In fact overnight several other countries reported a slowing of their manufacturing sectors basis a reduction in their current PMI number versus last month. Taiwan, India, Ireland, Sweden, Turkey, Poland, Spain, Czech, Italy, Germany, France, UK and South Africa to name a few all saw their manufacturing sectors slow during the month of May. It seems that a global slowdown in manufacturing may be under way and that is certainly not very bullish for oil consumption nor consumption for most any traditional commodities. Adding to the downturn in manufacturing just discussed Australia's economy contracted 1.2% in the first quarter. The decline was the largest drop since the March quarter of 1991. The natural disasters that hit Australia have had a significant impact on the lack of growth in the economy.
Overall the oil market remains in a "look for a reason to buy mode" rather than being ready for any significant sell-off at the moment. The US dollar push was enough to send oil out of its technical triangular consolidation pattern closing above the $101.50/bbl resistance level basis the spot WTI contract. Whether or not there is enough momentum in the short term to send prices to the next technical test of the longer term range high of $104 to $104.50/bbl is still a question.
Yesterday the very volatile month of May entered the history books. As shown in the following EMI Investment Leader Board (table below) most all of the major commodity and financial risk assets are still in positive territory for the year to date with almost half of the year in the history books. The main price leading asset class after five months was the oil complex with spot RBOB gasoline still the number one asset investment for the year to date with an almost 32% gain reflecting a narrowing of the supply overhang than existed throughout most of last year.
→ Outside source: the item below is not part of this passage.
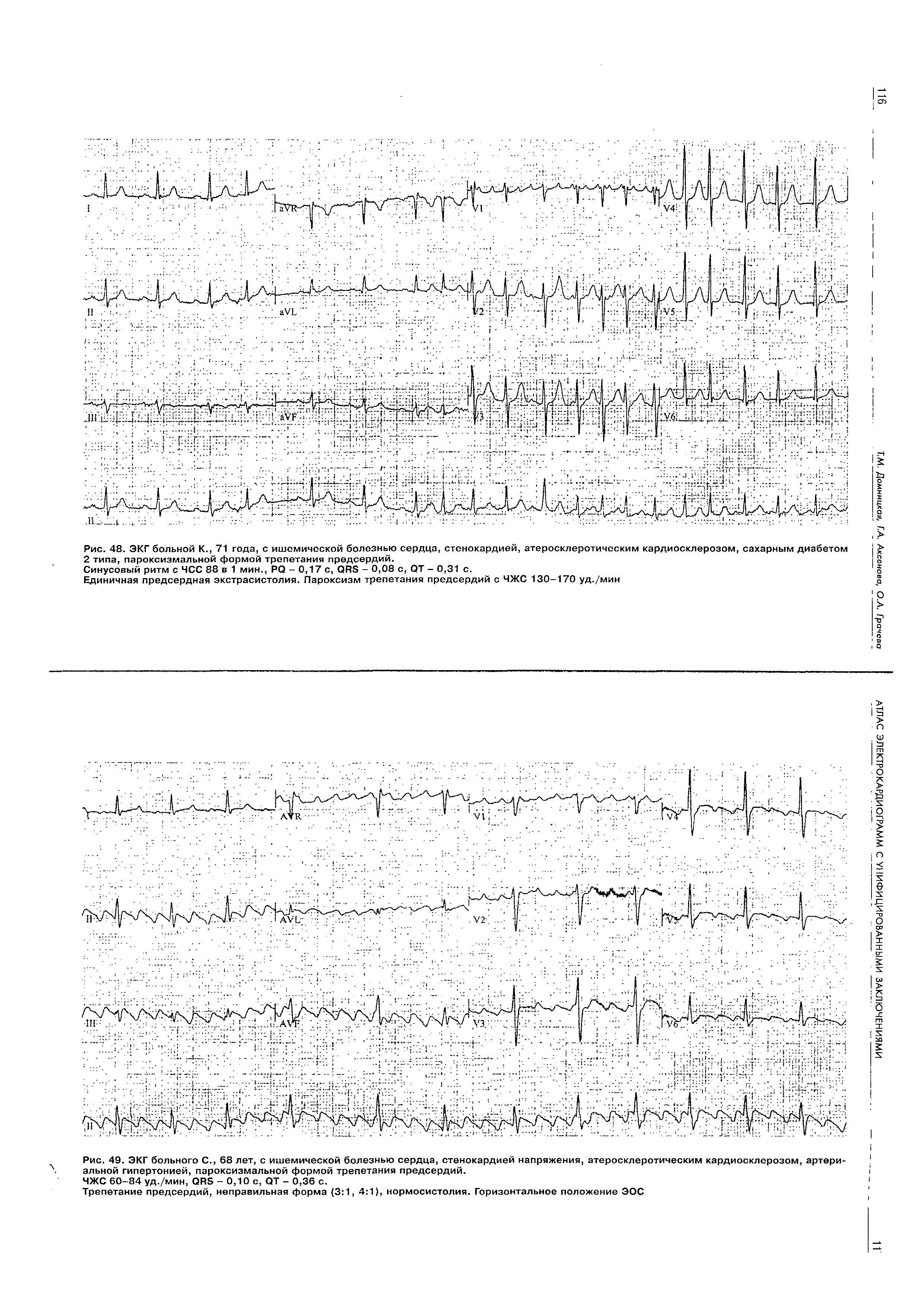 Рис. 49. ЭКГ больного С., 68 лет, с ишемической болезнью сердца, стенокардией напряжения, атеросклеротическим кардиосклерозом, артериальной гипертонией, пароксизмальной формой трепетания предсердий.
Crude oil was a close second with Brent taking the lead with a gain of 25.4% or $23.64/bbl. Brent has appreciated about $11/bbl over WTI during the first five months of 2011 as the crude oil inventories in PADD 2 and Cushing, Okla. remain at above normal levels. Obviously the main reason for the oil complex surging into the top spot for an asset class on the EMI Leader Board has been the evolving situation in North Africa and the greater Middle East as well as slowly improving fundamentals... although both of these could be on the cusp of changing a bit.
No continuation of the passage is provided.